All options except the input file have sensible defaults. Start with the defaults and experiment with the other options.

Examples

mp4_datetime_fuzzer.py --input source.mp4

This command will fuzz up to 1000 timestamps:

mp4_datetime_fuzzer.py --input source.mp4 --fuzz-fields

scatter_bytes.py

The final script is not specific to video files. It will overwrite random bytes in a file to simulate transmission or storage media errors. DO NOT USE ON A SENSITIVE FILE. MAKE A COPY BEFORE USE.

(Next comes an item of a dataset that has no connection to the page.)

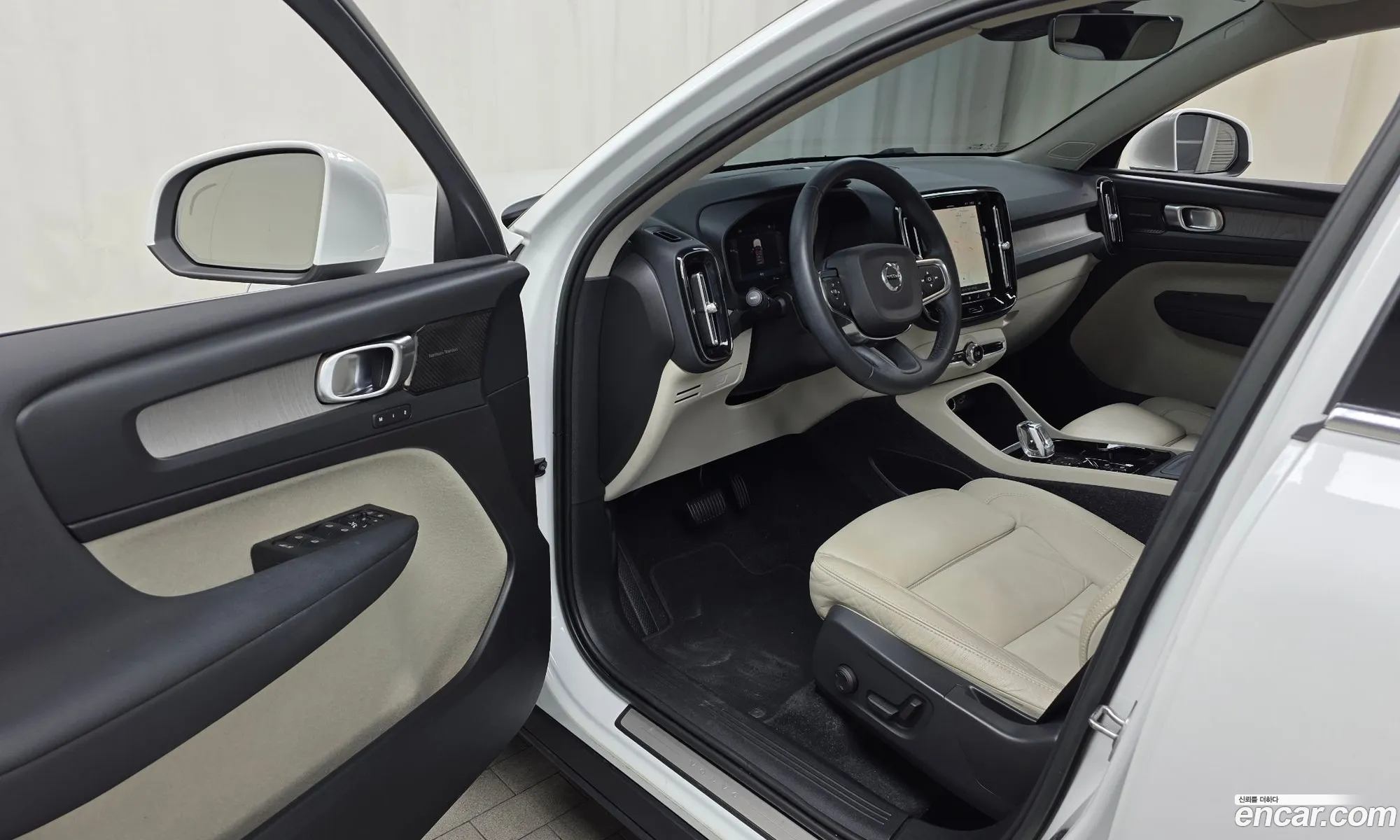 Volvo XC40 2022 — 18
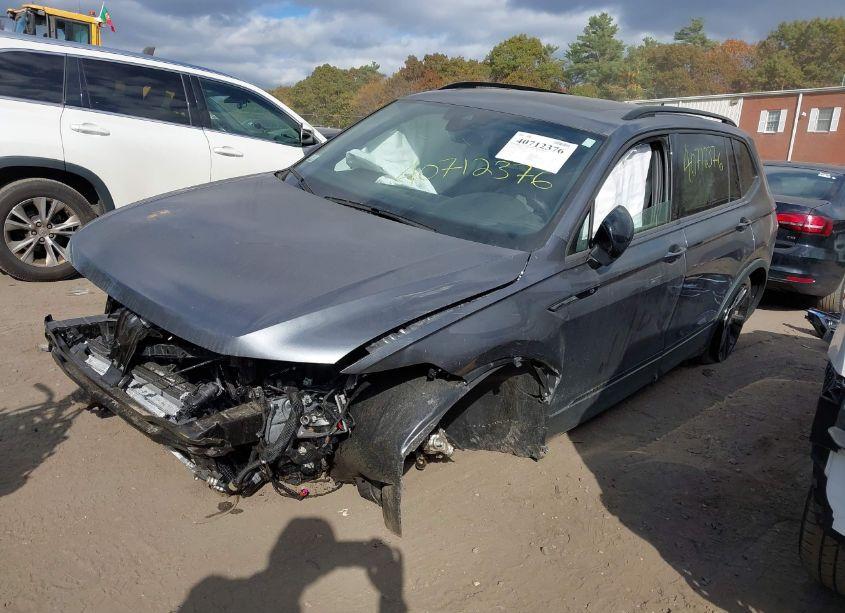 Photo 2 of 2024 Volkswagen Tiguan 2.0T SE R-LINE BLACK (VIN 3VV8B7AX5RM060904)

usage: scatter_bytes.py [-h] [--byte-set BYTE_SET [BYTE_SET ...]] [--length LENGTH] [--count COUNT] [--spacing SPACING] file

Scatter random bytes into a binary file using random access

positional arguments: 

file Path to the binary to modify

options: 

-h, --help show this help message and exit

--byte-set BYTE_SET [BYTE_SET ...] Set of hex byte values to use (e.g., 00 ff aa) 
--length LENGTH Length of each modification in bytes 
--count COUNT Number of random modifications to perform 
--spacing SPACING Minimum number of bytes between modifications (optional)

Example

scatter_bytes.py input.mp4 --length 768 --count 100 --spacing 8192

Conclusion

The tools discussed in this post will quickly create videos for effectively testing the security of AI video processing systems. There are many options available to tailor for your specific needs.